Ismael Grasa ha madurado mucho en estos últimos años. Ha pasado de ser aquel joven narrador y filósofo de rostro picassiano y asustadizo a un escritor de empaque, con un bagaje muy sólido, con puntos de vista muy personales. Atrevido, iconoclasta, dueño de un estilo diáfano, en el que no hay demasiado lugar para la opulencia. Ismael Grasa escribe con la retórica exacta de las ideas. Sin adherencias ni epítetos de embellecimiento. Con la fulminante exactitud de las imágenes y los detalles casi invisibles que definen una existencia. Como narrador, es un poco igual: es un escritor que puede parecer frío, casi glacial, un documentalista o un mirón que mira, observa detenidamente y cuenta lo que ve, sin inmutarse, con un bisturí sigiloso que avanza y descubre el horror. Aunque en realidad, Ismael Grasa cuenta lo que imagina, cuenta la vida que les sueña a sus personajes.

         En esta obra de doce relatos dominan algunas sensaciones. Acaba imponiéndose un estado de ánimo general próximo a la amargura existencial, a la turbación, y curiosamente no es porque el escritor sea pesimista. Es como un vacío que aparece y alancea sin compasión, como una enfermedad que afecta a todos los personajes, como un destino. Ismael Grasa dice una mil veces que él es partidario de la vida y de la alegría. Y eso se percibe. Tiene una capacidad particular para fijarse en pequeñas cosas, pero obtiene de ellas, como preconizaba Anton Chejov o Raymond Carver, una detonación interior, un mecanismo entre diabólico y rezagado que estalla por los aires. Los cuentos de Ismael son cuentos de lo cotidiano, cuentos que ni siquiera exigen una presentación, un desarrollo o un desenlace. Ismael Grasa se siente tan libre, tan seguro de sí mismo, que hace una fotografía, realiza una película, expone una situación y la muestra.

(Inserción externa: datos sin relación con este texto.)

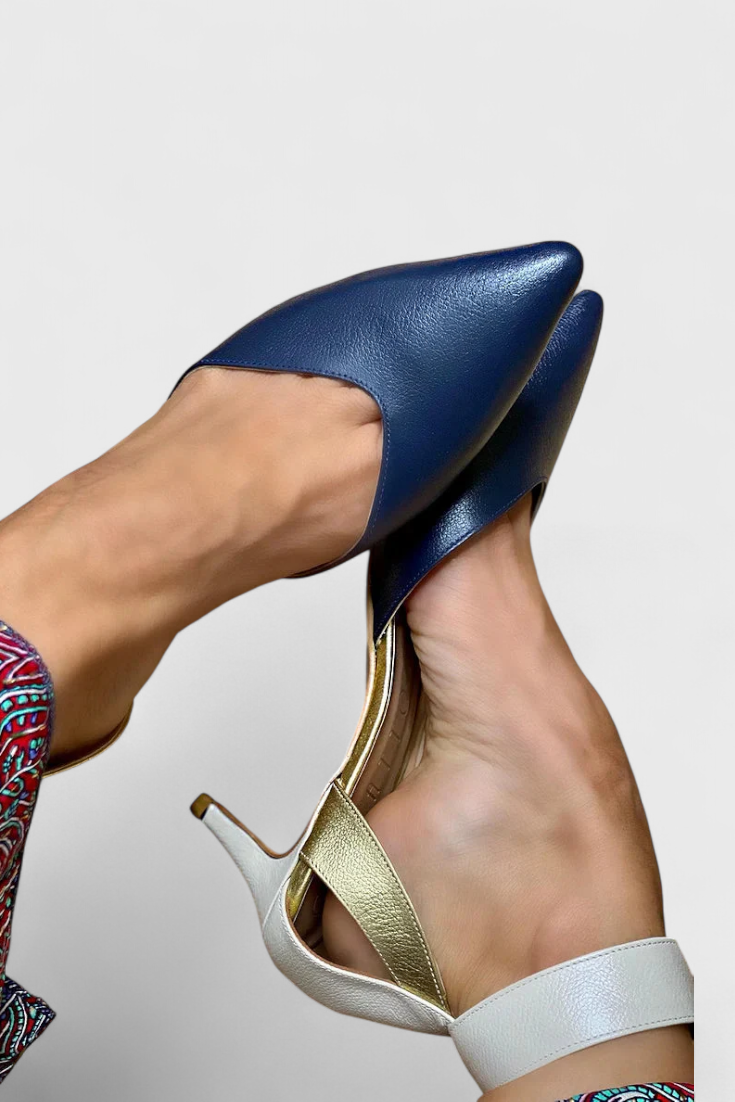 Galfira Zapatos de Tacón Bajo con Punta Afilada y Correa Elegante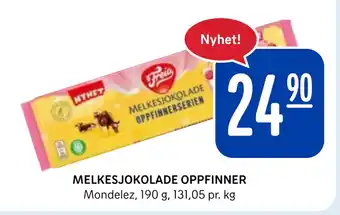 Rema 1000 MELKESJOKOLADE OPPFINNER tilbud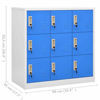 Picture of Office Storage Cabinet with Compartments 35" - Blue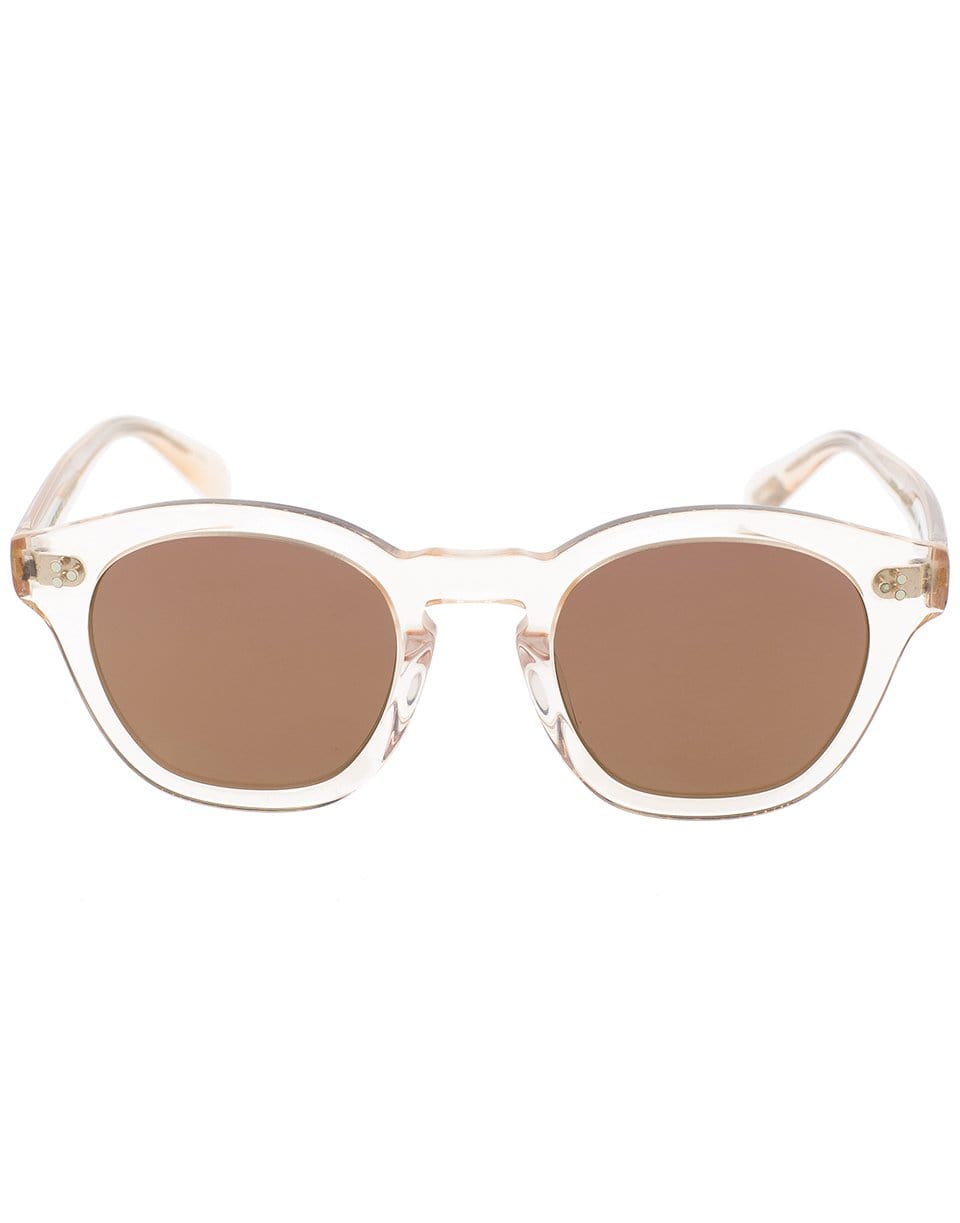 OLIVER PEOPLES-Bourdeau L.A Sunglasses - Pink and Gold-BURGUNDY/GOLD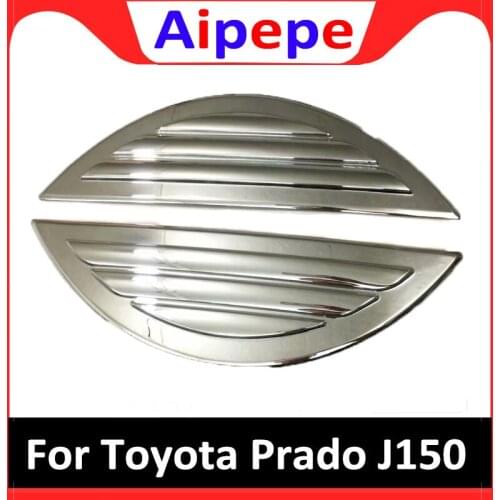 For Toyota Land Cruiser Prado FJ150 2018 ABS Car Rear Spare Tire Cover Letter Sticker Decorative Trims Accessories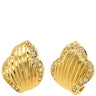 ノンブランド NON BRAND ダイヤモンド 0.40ct デザインピアス イエローゴールド K18YG ダイヤモンド ピアス 18K 750 YG スタッド 両耳用 幅広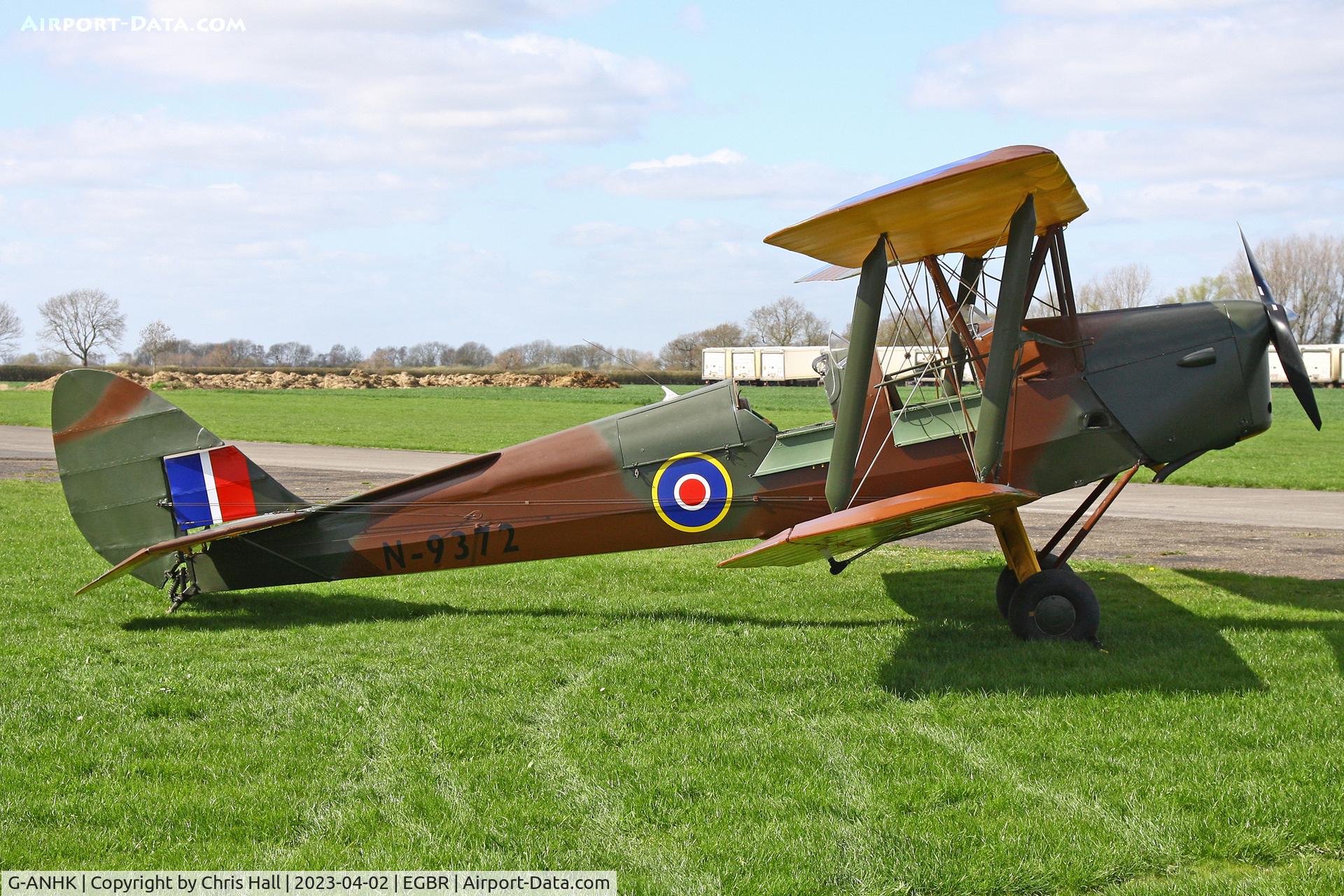 G-ANHK, 1939 De Havilland DH-82A Tiger Moth II C/N 82442, Breighton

La historia podría haber seguido muchas páginas más; las vidas en sus cuentos nunca se acaban, no hay punto y final, sino un punto y seguido interminable en el ánimo del lector. Y quizá eso también nos perturbe. ¿Qué pasará luego con los personajes? ¿Cuál será de verdad su futuro? ¿Dónde está ese corazón delator que no vemos nunca y percibimos como un escalofrío que no cesa?

El hilván general del libro es el delito. Y sus variedades. Pero también se habla de relaciones, de complejos núcleos familiares, de bodas, de viajes, de retornos al origen, de ciudades que se abren paso en la cabeza del escritor. Ismael Grasa demuestra aquí que conoce como nadie los registros del ser humano; desde esa sabiduría se expanden la incomodidad, la amenaza, el loco amor, el impacto invencible de la soledad. 

Trescientos días de sol. Ismael Grasa. Xordica: Colección Carrachinas. Zaragoza, 2007. 140 páginas. La foto es de Cristina Grande para Xordica.

Este texto fue publicado en "Heraldo de Aragón", edición oscense.